“I don’t see my clients as having ‘problems,’ I see the changes my client wants to make and how we’re going to make those changes together.”
What was your path to becoming a mental health practitioner?
I have always felt a strong desire to help people, and that desire is what first brought me to social work. After I earned my Master’s degree from NYU in 2007, I immediately started working with adolescents and young adults that were expressing very serious, high-risk behavior: severe anxiety, depression, non-suicidal self-injury, and substance abuse. I wanted to learn even more about how to make the most positive impact, so I went back to NYU for further training, earning Post Master's Certificates in Advanced Clinical Practice, Substance Abuse, and Adolescence. After 10 years of clinical work, I was finding a disconnect between research and practice. I was finding so many good interventions were being developed and studied that unfortunately weren’t getting into providers’ hands, and I saw a real need there. This observation led to my research question: how can I bridge the gap between practice and research? In seeking an answer to this question I returned to NYU again to pursue my PhD.
How does being an active professor influence your clinical work with clients?
Everything I do as a teacher and a clinician is interdependent on the other. I conduct practice-informed research, and I provide research-informed therapy. As an educator, it’s incredibly powerful to be able to talk about my clinical work with students and help teach the next generation of social workers. But I’m also learning along with them, keeping up to date on the latest interventions and bringing this education back into my clinical work.
I also provide clinical supervision with early career social workers. As an early career social work, one does not always have the best opportunity to bring up the interpersonal concerns they’re having with their assigned supervisors, but they always want to make sure they’re doing the best by their clients. Together, we go over the art and the science of what we do: you have to have true empathy and connectedness to arrive at that wonderful “aha” moment with your clients, where the work leaves the textbook and really comes alive.

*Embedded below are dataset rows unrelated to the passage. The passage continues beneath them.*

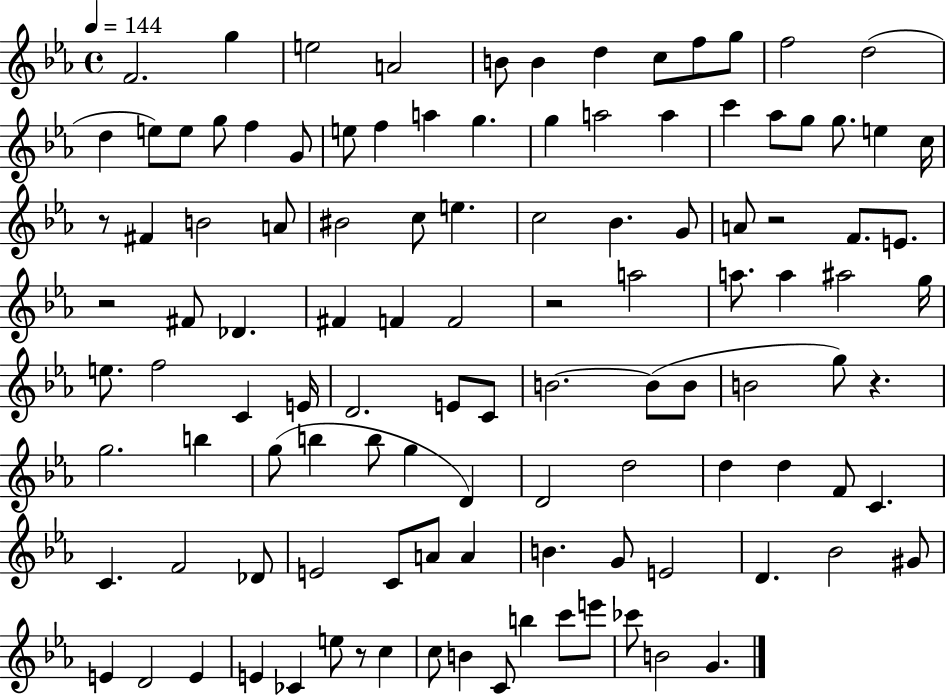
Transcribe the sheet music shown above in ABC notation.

X:1
T:Untitled
M:4/4
L:1/4
K:Eb
F2 g e2 A2 B/2 B d c/2 f/2 g/2 f2 d2 d e/2 e/2 g/2 f G/2 e/2 f a g g a2 a c' _a/2 g/2 g/2 e c/4 z/2 ^F B2 A/2 ^B2 c/2 e c2 _B G/2 A/2 z2 F/2 E/2 z2 ^F/2 _D ^F F F2 z2 a2 a/2 a ^a2 g/4 e/2 f2 C E/4 D2 E/2 C/2 B2 B/2 B/2 B2 g/2 z g2 b g/2 b b/2 g D D2 d2 d d F/2 C C F2 _D/2 E2 C/2 A/2 A B G/2 E2 D _B2 ^G/2 E D2 E E _C e/2 z/2 c c/2 B C/2 b c'/2 e'/2 _c'/2 B2 G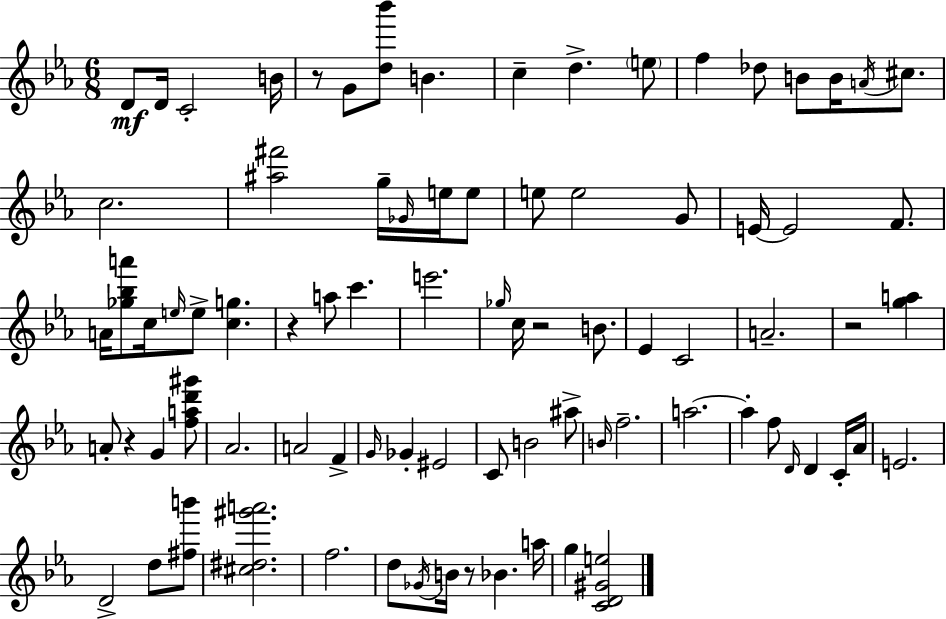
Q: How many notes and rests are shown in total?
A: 84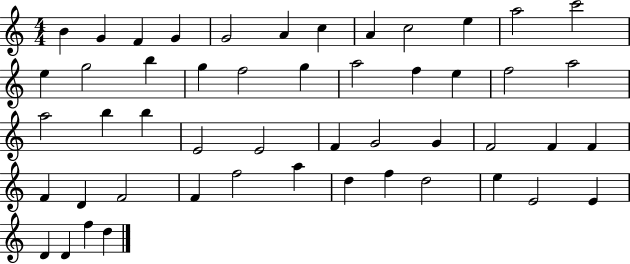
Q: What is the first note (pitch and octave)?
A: B4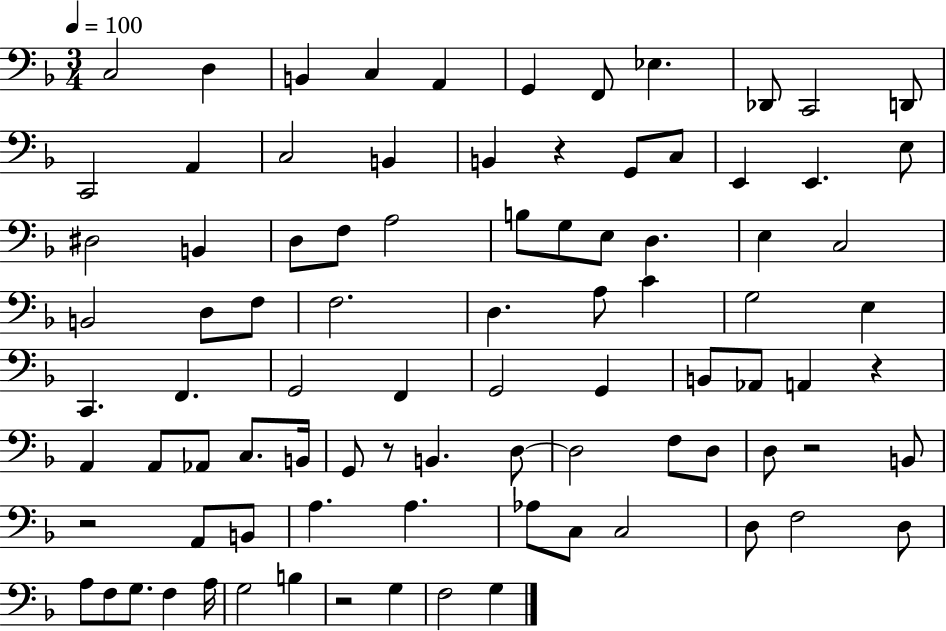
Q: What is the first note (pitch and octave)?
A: C3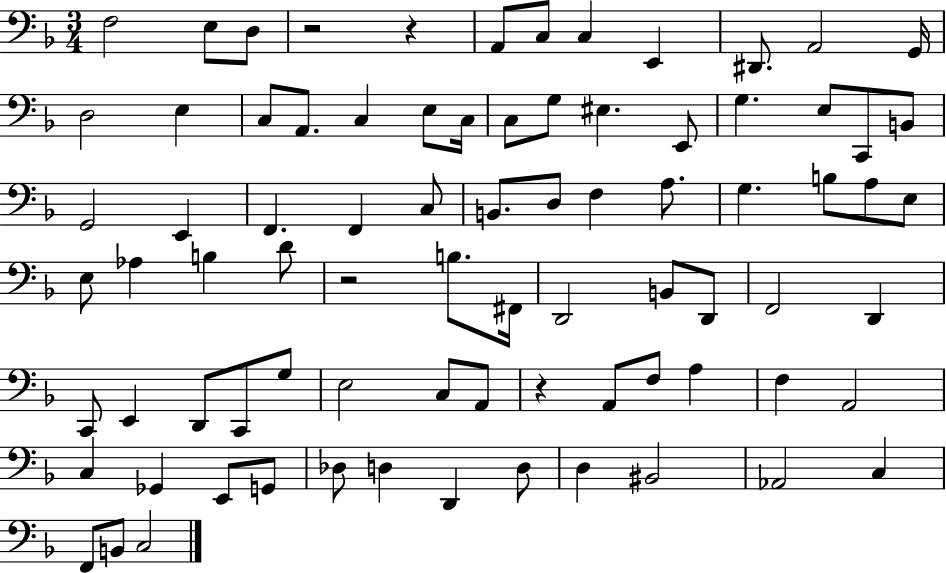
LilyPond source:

{
  \clef bass
  \numericTimeSignature
  \time 3/4
  \key f \major
  \repeat volta 2 { f2 e8 d8 | r2 r4 | a,8 c8 c4 e,4 | dis,8. a,2 g,16 | \break d2 e4 | c8 a,8. c4 e8 c16 | c8 g8 eis4. e,8 | g4. e8 c,8 b,8 | \break g,2 e,4 | f,4. f,4 c8 | b,8. d8 f4 a8. | g4. b8 a8 e8 | \break e8 aes4 b4 d'8 | r2 b8. fis,16 | d,2 b,8 d,8 | f,2 d,4 | \break c,8 e,4 d,8 c,8 g8 | e2 c8 a,8 | r4 a,8 f8 a4 | f4 a,2 | \break c4 ges,4 e,8 g,8 | des8 d4 d,4 d8 | d4 bis,2 | aes,2 c4 | \break f,8 b,8 c2 | } \bar "|."
}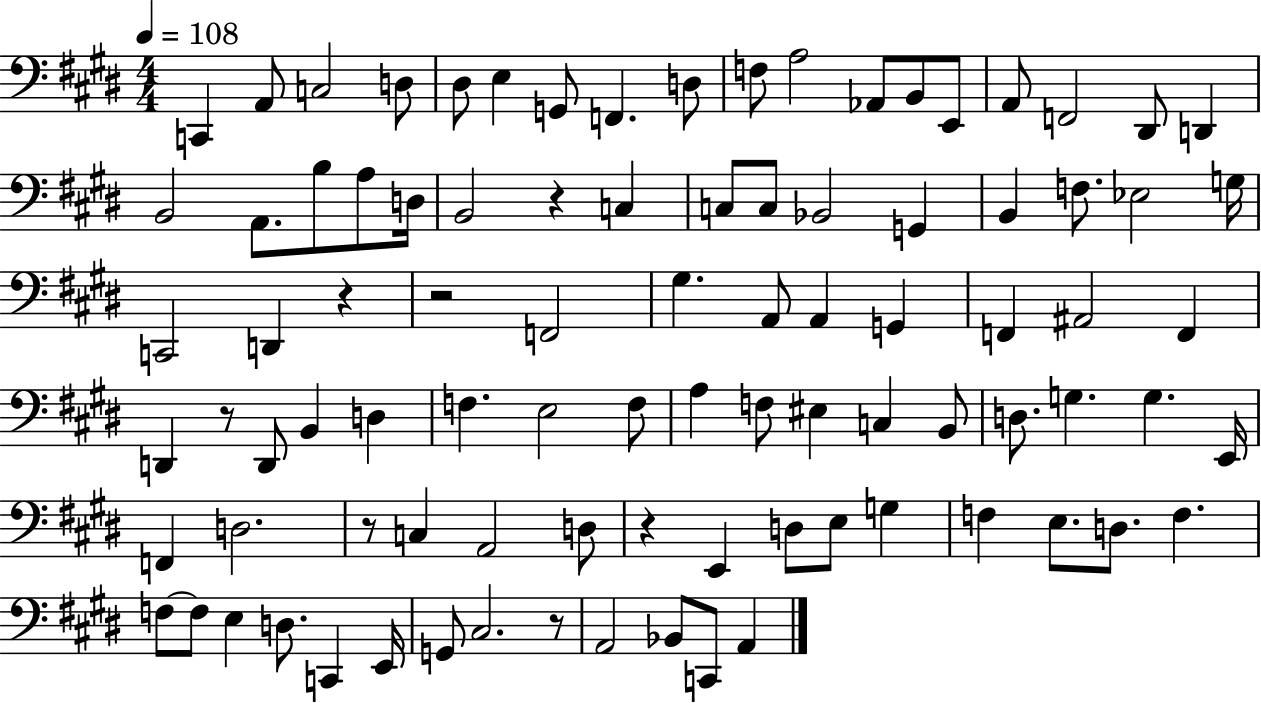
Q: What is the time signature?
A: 4/4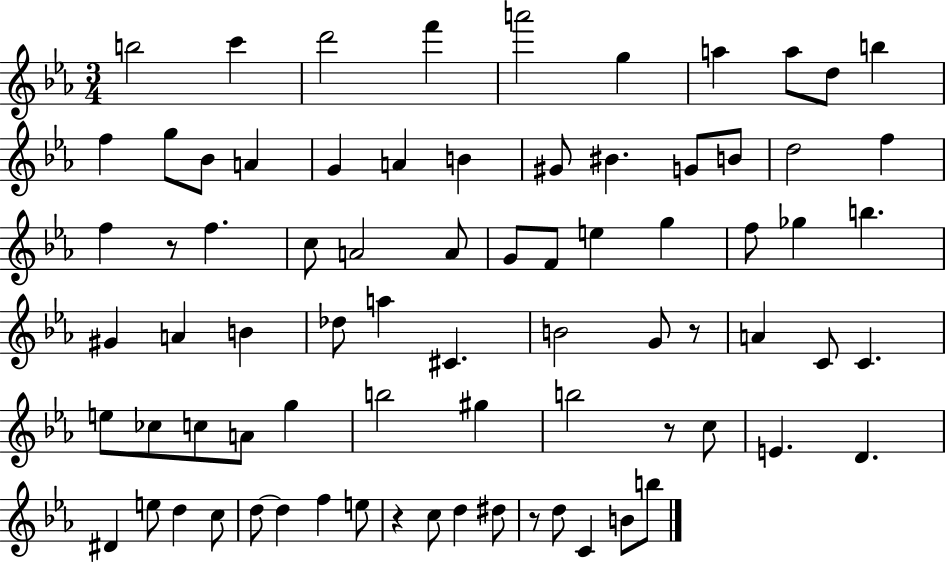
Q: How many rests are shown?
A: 5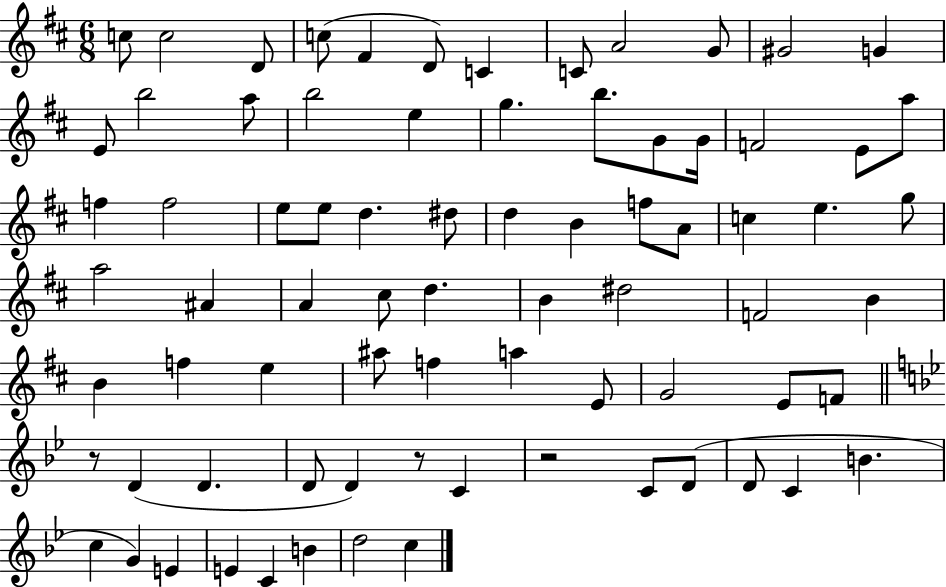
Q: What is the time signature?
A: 6/8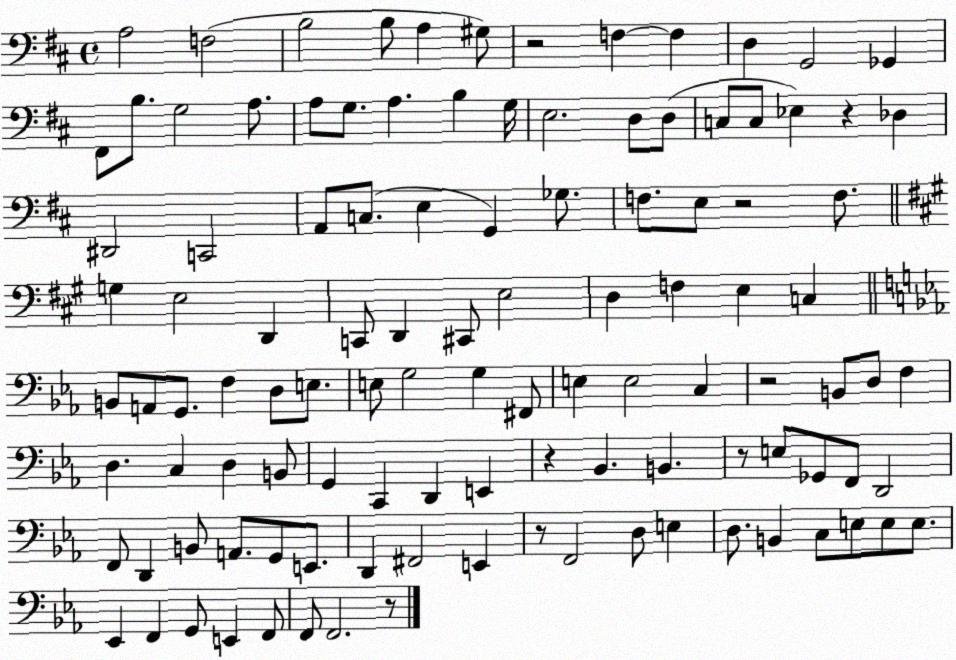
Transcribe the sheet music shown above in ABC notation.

What would you say to someone thinking about seeking mental health care for the first time?
In general, mental health should be treated like any other form of health care. If you fall and injure your knee, and a Band-Aid isn’t enough, you go see a doctor. The same thinking applies to your emotional health. If you have an emotional fall, and you put a temporary Band-Aid on it, sometimes it won’t be enough to cope. That’s what we’re going to take care of in therapy. We’re going to take that Band-Aid off, and it’s going to hurt. We’re going to clean it free of emotional debris, and it’s going to be a process that we’ll do together – but then it’s going to heal. There might be a scar, but scar tissue is stronger than skin. And your resiliency through this will help you tremendously through other parts of your life.
What does a first session with you look like?
I work very much in the here and now. I want to understand my client’s real concern of the moment, learning through engagement and empathy. I don’t see my clients as having “problems,” I see the changes my client wants to make and how we’re going to make those changes together. After all, that’s what we’re meeting for—to make a change—and I always take a genuinely collaborative approach to treatment. We’re going to figure out what’s going on, and we’re going to make a plan to get to where we want to go – and we’re going to get through it together.
“In general, mental health should be treated like any other kind of health care. If you fall and injure your knee, and a Band-Aid isn’t enough to cope, you go see a doctor. The same thinking applies to your emotional health.”